The UK economy has slowed since the end of 2016. The annual rate of GDP growth in the third quarter of 2017 fell to just 1.5 percent, the weakest performance since 2013. This figure is a downgrade from the 2 percent expansion that the UK’s Office for Budget Responsibility estimated in March of 2017. GDP growth in the coming year (2018) is expected to fall further to 1.4 percent.
The United Kingdom is set to formally leave the European Union in March 2019. The opinion of the vast majority of economists is that the exit from the EU will inflict long-term damage on the UK economy. According to a new analysis, Brexit has already inflicted damage totaling nearly £20 billion on the UK economy. This is the equivalent to approximately £300 million a week since the June 2016 referendum. The economists polled insist their estimates show the evolving costs of Brexit “in an unbiased, transparent, and entirely data-driven way”.
A spike in UK inflation, stemming mainly from the record slump in sterling in the immediate wake of the Brexit vote, has hit real household incomes and curbed consumer spending.
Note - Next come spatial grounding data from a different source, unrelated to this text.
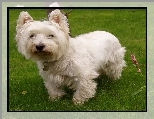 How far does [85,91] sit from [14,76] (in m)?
1.67

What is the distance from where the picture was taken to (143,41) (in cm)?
1020

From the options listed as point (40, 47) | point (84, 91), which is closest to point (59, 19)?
point (40, 47)

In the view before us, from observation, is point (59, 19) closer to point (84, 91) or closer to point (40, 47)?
point (40, 47)

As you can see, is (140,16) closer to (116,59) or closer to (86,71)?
(116,59)

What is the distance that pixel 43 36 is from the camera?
679cm

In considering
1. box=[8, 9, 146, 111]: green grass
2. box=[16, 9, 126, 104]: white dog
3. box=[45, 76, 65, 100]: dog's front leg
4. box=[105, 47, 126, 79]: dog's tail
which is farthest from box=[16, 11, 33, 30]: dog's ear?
box=[105, 47, 126, 79]: dog's tail

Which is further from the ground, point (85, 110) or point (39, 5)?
point (39, 5)

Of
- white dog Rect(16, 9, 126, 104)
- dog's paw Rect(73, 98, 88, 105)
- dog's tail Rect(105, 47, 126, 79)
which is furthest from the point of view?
dog's tail Rect(105, 47, 126, 79)

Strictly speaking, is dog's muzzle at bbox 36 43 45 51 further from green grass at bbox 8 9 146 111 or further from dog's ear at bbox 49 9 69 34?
green grass at bbox 8 9 146 111

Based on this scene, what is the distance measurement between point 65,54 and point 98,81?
5.04 feet

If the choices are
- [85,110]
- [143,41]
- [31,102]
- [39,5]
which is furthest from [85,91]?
[143,41]

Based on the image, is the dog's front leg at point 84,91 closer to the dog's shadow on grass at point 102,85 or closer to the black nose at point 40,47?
the dog's shadow on grass at point 102,85

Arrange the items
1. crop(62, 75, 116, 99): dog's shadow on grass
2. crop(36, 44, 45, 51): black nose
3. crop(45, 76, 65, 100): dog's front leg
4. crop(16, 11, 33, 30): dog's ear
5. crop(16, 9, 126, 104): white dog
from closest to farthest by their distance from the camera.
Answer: crop(36, 44, 45, 51): black nose, crop(16, 9, 126, 104): white dog, crop(16, 11, 33, 30): dog's ear, crop(45, 76, 65, 100): dog's front leg, crop(62, 75, 116, 99): dog's shadow on grass

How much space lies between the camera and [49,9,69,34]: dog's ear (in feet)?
22.5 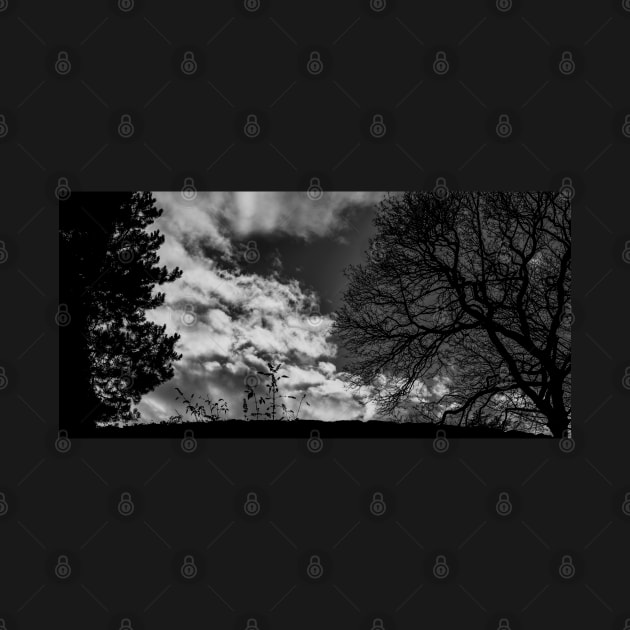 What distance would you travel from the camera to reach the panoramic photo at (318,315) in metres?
3.40

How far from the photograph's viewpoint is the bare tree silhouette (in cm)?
377

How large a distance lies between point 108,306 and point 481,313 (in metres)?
3.42

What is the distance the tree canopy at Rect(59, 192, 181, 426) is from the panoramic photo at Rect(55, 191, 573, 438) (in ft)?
0.05

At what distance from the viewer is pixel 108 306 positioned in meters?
3.81

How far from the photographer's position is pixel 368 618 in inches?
131

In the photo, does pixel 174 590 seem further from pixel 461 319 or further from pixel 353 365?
pixel 461 319

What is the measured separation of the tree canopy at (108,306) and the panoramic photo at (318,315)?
0.05 feet

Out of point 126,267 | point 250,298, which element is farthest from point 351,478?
point 126,267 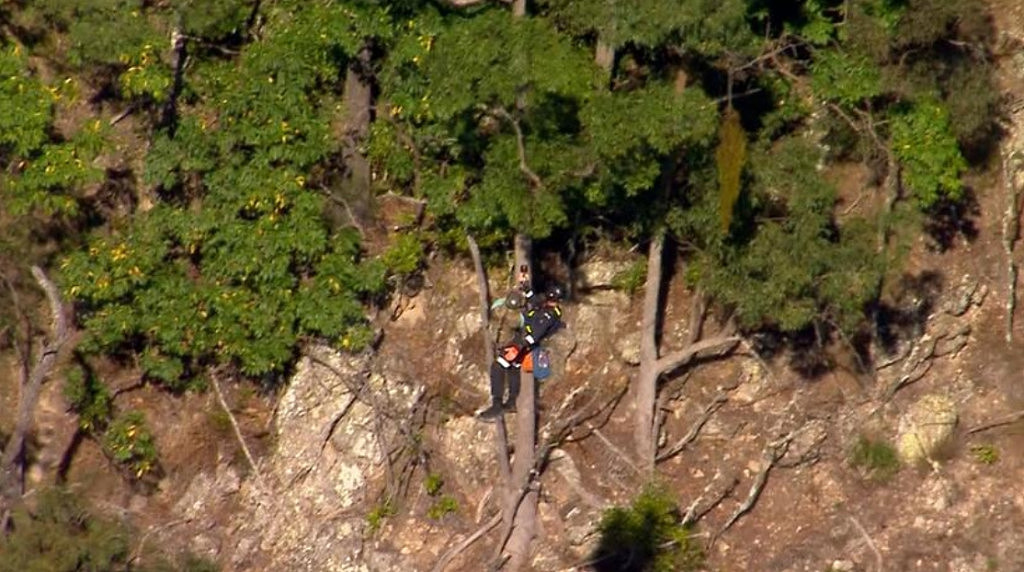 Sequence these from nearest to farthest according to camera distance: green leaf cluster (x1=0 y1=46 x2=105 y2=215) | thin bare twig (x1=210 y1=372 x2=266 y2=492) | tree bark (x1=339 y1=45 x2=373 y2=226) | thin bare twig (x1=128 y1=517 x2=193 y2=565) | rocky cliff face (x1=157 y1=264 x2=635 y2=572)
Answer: thin bare twig (x1=128 y1=517 x2=193 y2=565)
green leaf cluster (x1=0 y1=46 x2=105 y2=215)
tree bark (x1=339 y1=45 x2=373 y2=226)
rocky cliff face (x1=157 y1=264 x2=635 y2=572)
thin bare twig (x1=210 y1=372 x2=266 y2=492)

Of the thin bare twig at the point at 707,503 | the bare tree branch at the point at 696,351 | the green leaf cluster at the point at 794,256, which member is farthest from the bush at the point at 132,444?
the green leaf cluster at the point at 794,256

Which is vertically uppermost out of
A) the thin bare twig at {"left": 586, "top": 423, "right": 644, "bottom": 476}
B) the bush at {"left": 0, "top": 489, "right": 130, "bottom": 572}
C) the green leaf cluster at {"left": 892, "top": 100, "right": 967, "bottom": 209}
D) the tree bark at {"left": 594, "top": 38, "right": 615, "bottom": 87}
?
the tree bark at {"left": 594, "top": 38, "right": 615, "bottom": 87}

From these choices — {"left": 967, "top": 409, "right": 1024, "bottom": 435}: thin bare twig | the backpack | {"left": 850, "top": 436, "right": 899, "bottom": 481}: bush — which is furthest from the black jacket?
{"left": 967, "top": 409, "right": 1024, "bottom": 435}: thin bare twig

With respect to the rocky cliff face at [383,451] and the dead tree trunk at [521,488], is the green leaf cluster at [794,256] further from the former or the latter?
the dead tree trunk at [521,488]

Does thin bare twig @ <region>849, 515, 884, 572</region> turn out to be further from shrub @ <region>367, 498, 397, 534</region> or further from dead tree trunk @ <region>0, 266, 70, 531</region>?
dead tree trunk @ <region>0, 266, 70, 531</region>

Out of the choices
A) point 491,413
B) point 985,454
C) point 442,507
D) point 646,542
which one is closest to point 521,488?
point 491,413

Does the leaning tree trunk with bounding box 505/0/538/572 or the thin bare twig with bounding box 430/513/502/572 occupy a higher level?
the leaning tree trunk with bounding box 505/0/538/572

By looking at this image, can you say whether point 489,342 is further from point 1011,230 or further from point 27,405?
point 1011,230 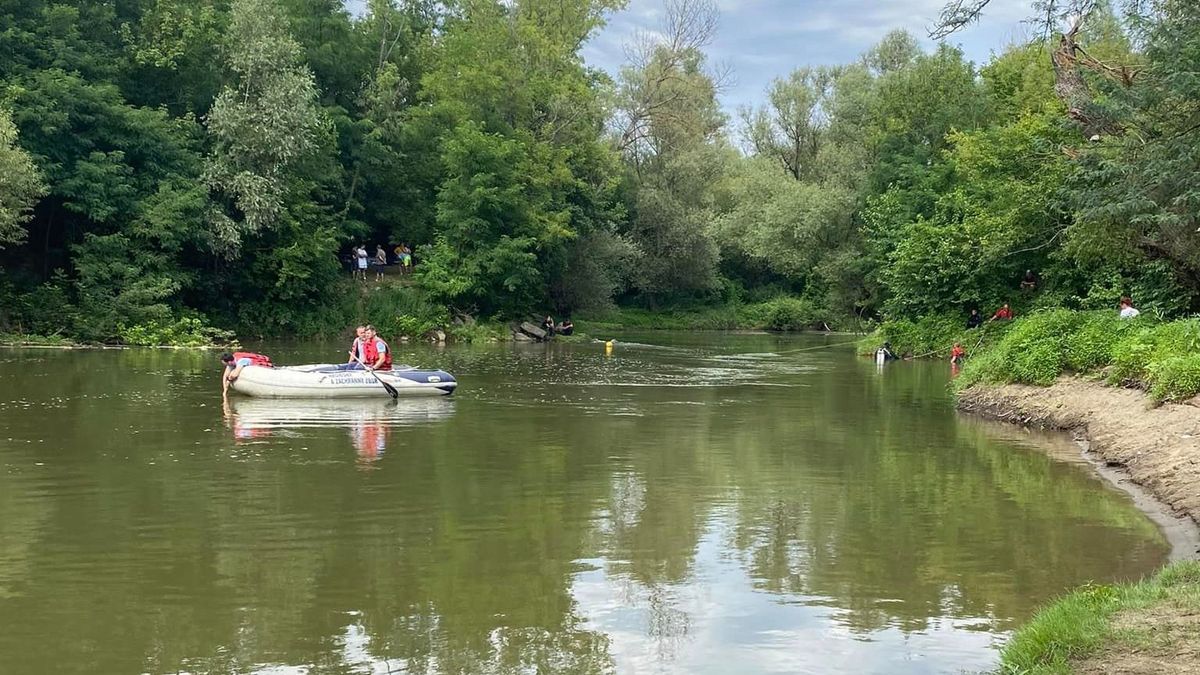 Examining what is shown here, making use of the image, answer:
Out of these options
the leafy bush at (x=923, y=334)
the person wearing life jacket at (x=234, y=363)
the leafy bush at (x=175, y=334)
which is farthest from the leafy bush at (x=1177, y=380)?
the leafy bush at (x=175, y=334)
A report by the London School of Economics’ Centre for Economics Performance delivered in November 2017 estimated that the Brexit-related spike in inflation in the UK had already cost the average UK household approximately £400 a year. This has come at a time when the UK’s peer developed economies in Europe and the United States have seen strong growth.
Surveys conducted since the Brexit vote also show that UK companies have been putting their investment plans on hold, while they wait to see the outcome of the UK’s negotiations with the rest of the European Union. Most businesses and investors have voiced their concern over the implications for future trade arrangements.